Being "uncomfortable" might just be part of a community-based course, Sigler said. In addition to the "asset walk," she makes her students eat meals and spend time in the Central Falls community.
At the beginning of her course, students spend four weeks "reacting critically" to their own autobiographies, she said. Students grapple with questions such as "can a privileged, white Brown Student work in an under-resourced high school?" and "what things does that student take with him or her?"
These questions and their answers are the essence of what Sigler called the service learning component's ability to add "intellectual teeth" to a course. For some students, a community component "ignites the fire," she said.
Priya Gaur '13 might be one of those students. She began her involvement in another community-based course, ENVS 0110: "Humans, Nature, and the Environment: Addressing Environmental Change in the 21st Century" taught by Kathryn DeMaster, visiting assistant professor of environmental studies.
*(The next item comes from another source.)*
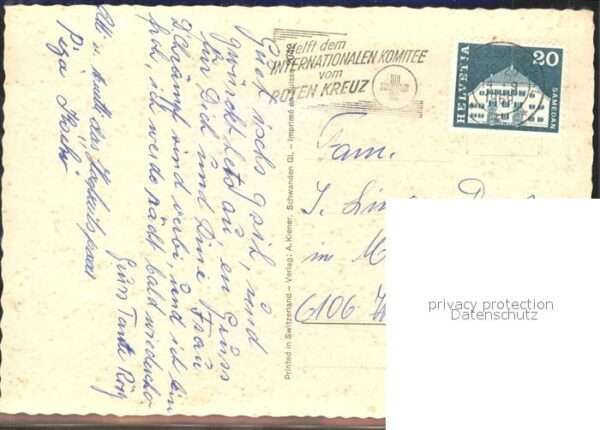 Mecki Nr. 2042 ähnlich Alkohol Bartheke Cinzano – Bild 2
She then kept it up through work with the Community Environmental College and Environmental Justice League. She is also a teaching assistant for the class this semester.
The problems in the community are "long-term," Gaur said. They require long-term activism and involvement.
"You're dealing with structural inequalities," she said, highlighting an example of food injustice. "In some areas of Rhode Island, there is less access to healthy foods. Olneyville has no Whole Foods. College Hill has two."
Community work is in "the very charter of a university" whose mission is "to do public good," said Associate Professor of History Amy Remensnyder, another Engaged Scholar. Her work takes place in the Adult Correctional Institute in Rhode Island, where she brings knowledge of medieval Iberia to discussions with inmates about the coexistence of diverse religions.
Back in the boardroom, Sigler and Chris Bull '79 MS'86 PhD'06, senior lecturer in the School of Engineering, are discussing the overlap of their students' experiences, identifying cross-disciplinary approaches to education. All the professors enter the fray, positing ways to better fit community needs.
Everything about Engaged Scholars is "organic," said Roger Nozaki, director of the Swearer Center and associate dean of the College. Everything is also long-term — projects like Sigler's and Brown's have been running for three years and show no sign of stopping. Instead, they continue to adjust ̵
2; "ratchet," as Nozaki said — to community needs.